TASK DETAILS:
Below are records. Transcribe exactly the lines from the one that contains "Ilustrație cu o" through the last line, leaving any pictures out.

THE DATA:
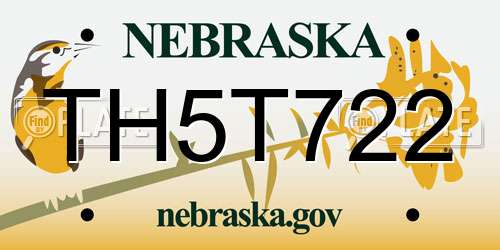 TH5T722 Nebraska License Plate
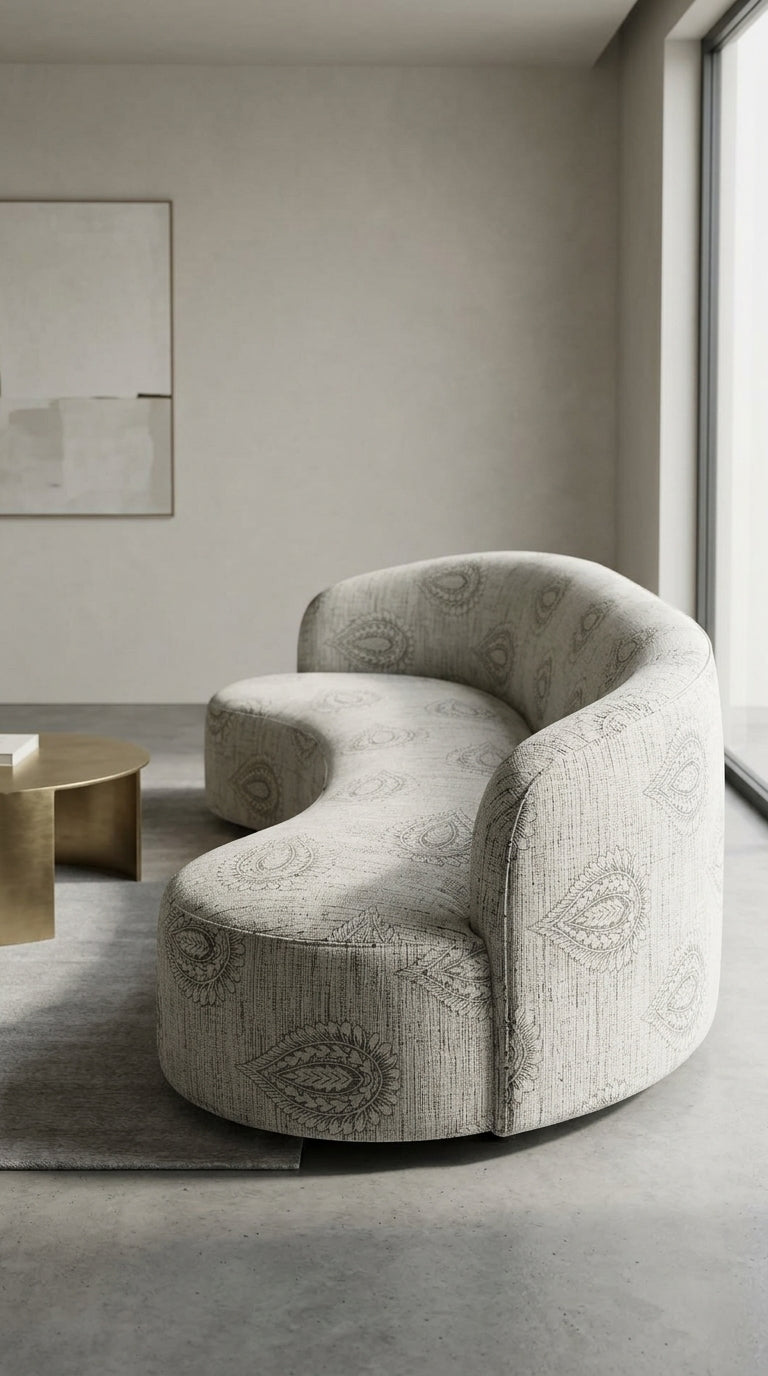 Textured Paisley Jacquard Fabric — Charcoal & Ivory Premium
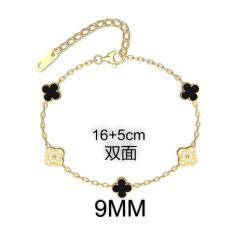 9MM Four-leaf Flower clover stainless steel Bracelet double side diamond color clover bracelet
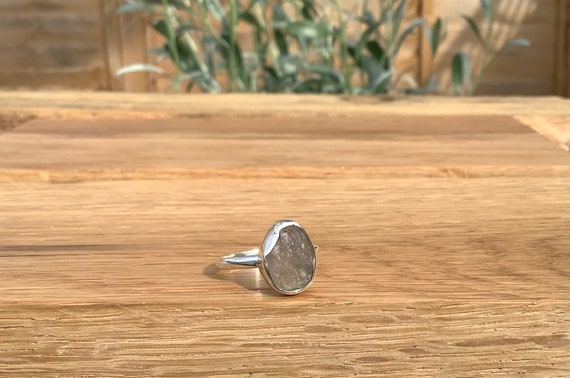 Raw Labradorite Sterling Silver Ring - Gemstone Jewelry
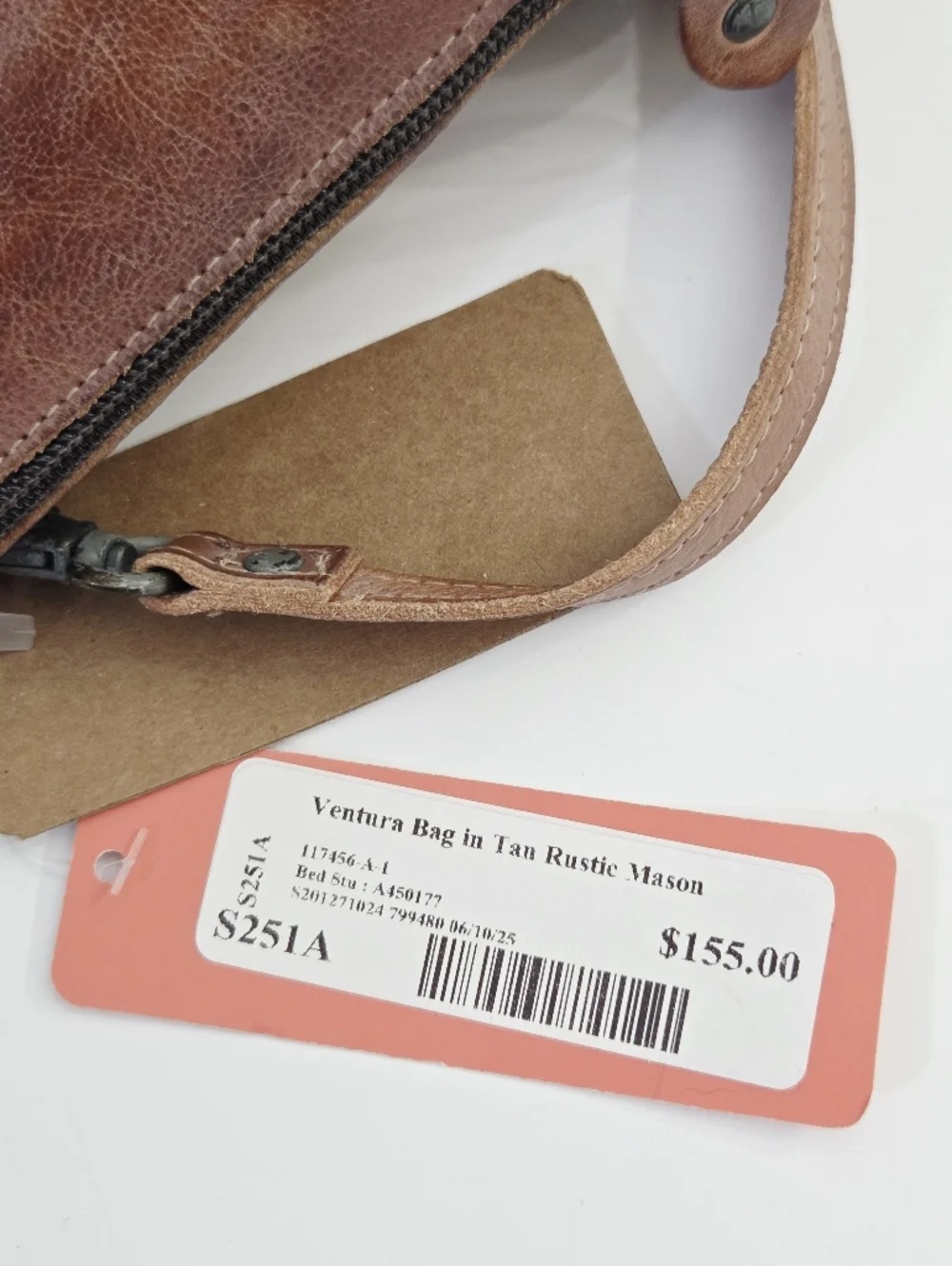 NWT BED STU BEDSTU VENTURA BAG - TAN RUSTIC MASON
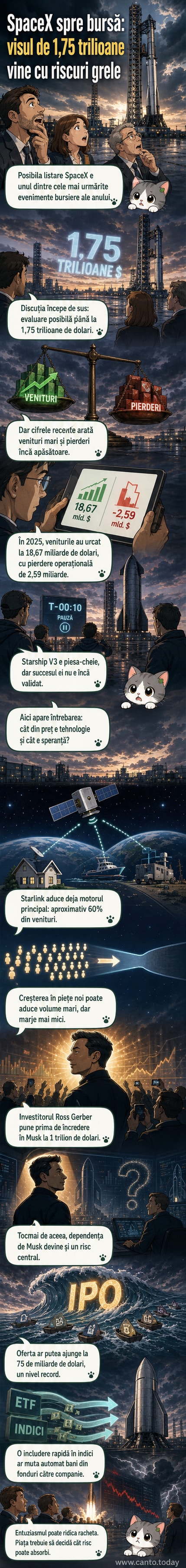 Ilustrație cu o rachetă Starship lansându-se spre orbită, cu simboluri de date și grafice bursiere în fundal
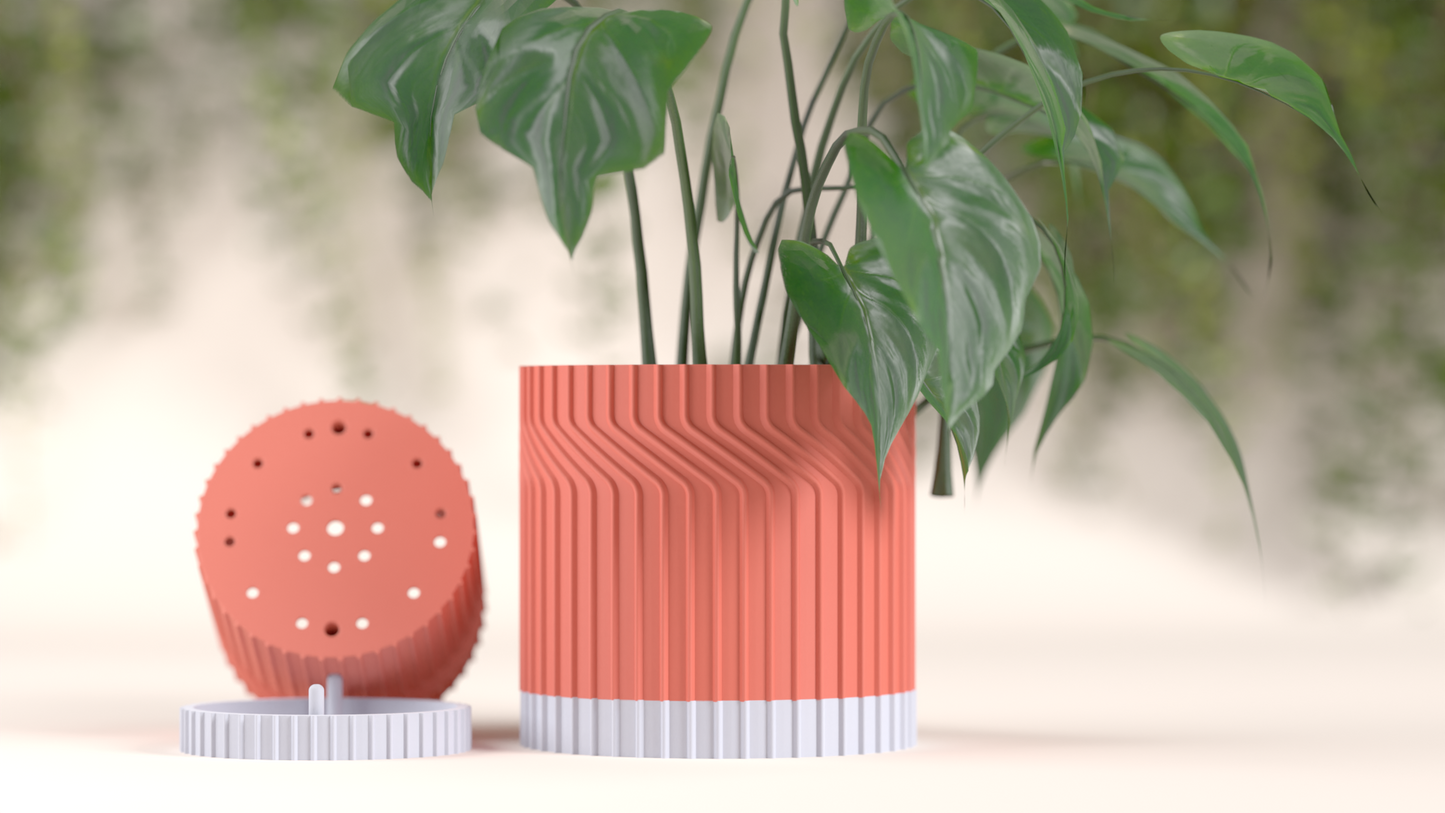 planter pot, minimalist geometric countertop vessel, selfdraining tray herb organizer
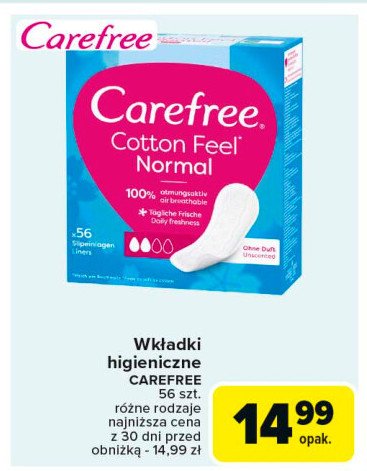 Wkładki cotton feel normal Carefree promocja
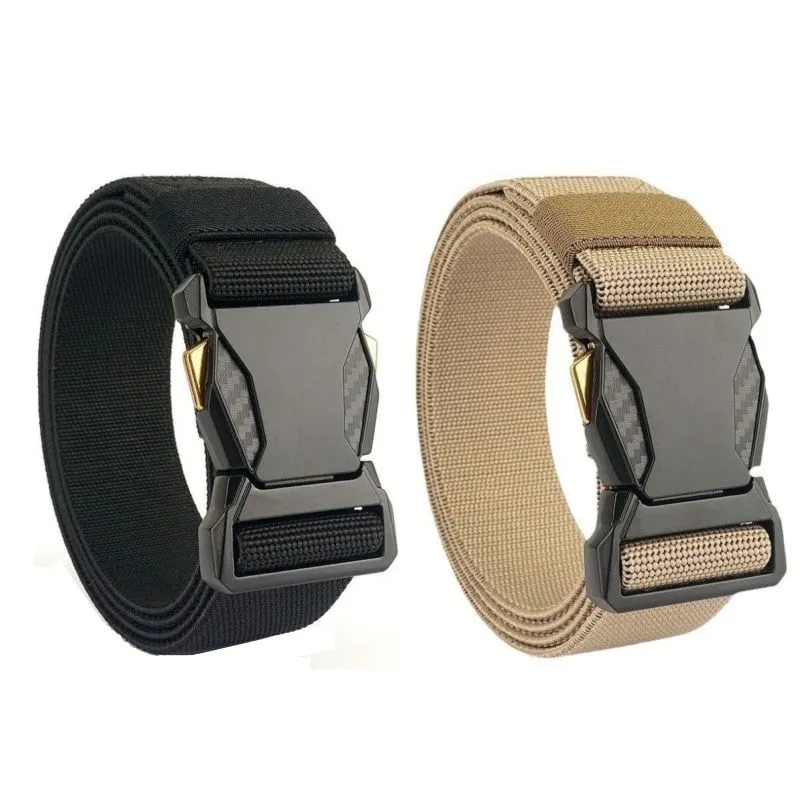 2 Pack Tactical Belt Men, 120cm Stretch Belt Adjustable Casual Work Belt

SOLUTION:
 Ilustrație cu o rachetă Starship lansându-se spre orbită, cu simboluri de date și grafice bursiere în fundal
 planter pot, minimalist geometric countertop vessel, selfdraining tray herb organizer
 Wkładki cotton feel normal Carefree promocja
 2 Pack Tactical Belt Men, 120cm Stretch Belt Adjustable Casual Work Belt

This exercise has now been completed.